“Diterbitkan di Tanjungpinang, tapi ditulis di Pekanbaru, buku itu dalam proses cetak di Jawa, pekan depan sudah sampai ke Pekanbaru, insyaallah. Kebetulan, proses mewujudkannya sebagai buku seperti mengikuti perjalanan tempat tinggal SCB, dari Riau ke Kepri, terus Jabar, he he he,” kata Taufik, sang penulis biografi 'SCB' menjawab Amanah News, Senin (31/05/2021).
Ditambahkannya, pre order sedang berjalan untuk melihat antusias bersama bagaimana suatu kreativitas dibangun tanpa henti dan terus berlanjut.
Terdiri atas 17 bab, buku itu mengisahkan berbagai hal mengenai kehidupan SCB mulai dari lahir sampai sekarang. Tidak ketinggalan juga pembahasan karyanya dari berbagai sudut, termasuk cara membaca sajak sebagai suatu kesatuan puisi Nusantara. Ada pula komentar buku dan kepenyairan SCB dari Malaysia, Singapura, Brunei Darussalam, Korea Selatan, Belanda, dan tentu dari Indonesia sendiri.
Oleh karena riwayat hidup, buku ini, tidak hanya memuat hal-hal karya secara serius. Dilukiskan juga bagaimana SCB kecil tidak lepas dari kamus, tidak suka olahraga, menakik kaki adik dengan parang, seprei untuk baju, mewawancarai orang gila untuk liputan pers, dan sebagainya. Juga niat ke Yogyakarta, tetapi tibanya di Bandung. Malahan sampai igau-igauannya dan peringatan kematian ketika muda belia, termasuk pengembaraan spritualnya.
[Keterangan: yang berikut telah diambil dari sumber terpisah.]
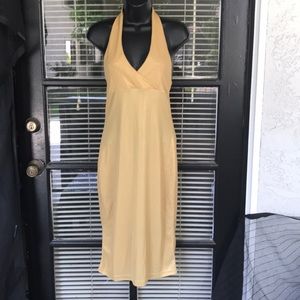 Gold Halter Sheath Cocktail Dress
Menurut Taufik, dari buku itu juga diperoleh gambaran bagaimana ketekunan dan kesabaran dibangun dengan suatu kepercayaan potensi sendiri baik dalam pengertian pribadi maupun kolektif, sehingga ternyata memberikan sesuatu kepada dunia. “Jadi, bangsa kita ini, tidak mengekor dunia, tidak menadah begitu saja. Tidak saja menerima, tetapi juga memberi,” kata Taufik.
Ia menyadari bahwa kemungkinan masih banyak hal tertinggal dari buku itu ditinjau dari capaian SCB sendiri maupun teknis penulisan biografi. “Jadi, tidak terbaik, cuma pasti diawali dengan niat baik. Insyaalaah,” kata Taufik.
SCB lahir di Rengat, Riau, 24 Juni 1941. Mengikuti orangtuanya sebagai polisi, ia berpindah-pindah dari satu kota ke kota lain di Riau, kemudian ketika berumur sembilan tahun, pindah ke Tanjungpinang, Kepri. Tamat SMA di kota ini, ia melanjutkan pendidikan di Bandung, Jabar. Dari kota inilah, kreativitasnya meledak dengan berbagai pembaharuan berakar pada budaya Melayu Riau tanpa melupakan unsur budaya dari manapun.
Tak pelak, baik puisi maupun baca sajaknya amat fenomenal dipandang darikacamata Timur maupun Barat. Menurut Abdul Hadi WM dalam suatu tulisannya, SCB adalah penyair yang paling banyak dibicarakan di Indonesia dalam 30 tahun terakhir. Nyatanya, SCB tidak saja menulis puisi, tetapi juga cerpen dan esai. Bukunya terbaru bertajuk Kecuali diterbitkan di Yogyakarta yang semula berjudul Petiklah Aku.
Menurut Taufik, biografi SCB ini, memang diterbitkan semi indie, sebab buku tersebut diterbitkan bukan dengan pendekatan bisnis, tetapi hati. “Ya, setidak-tidaknya menurut hati saya, sebab saya mau tata letaknya begitu begini, fotonya seperti itu yang sulit jika dikerjakan penerbit lain,” katanya.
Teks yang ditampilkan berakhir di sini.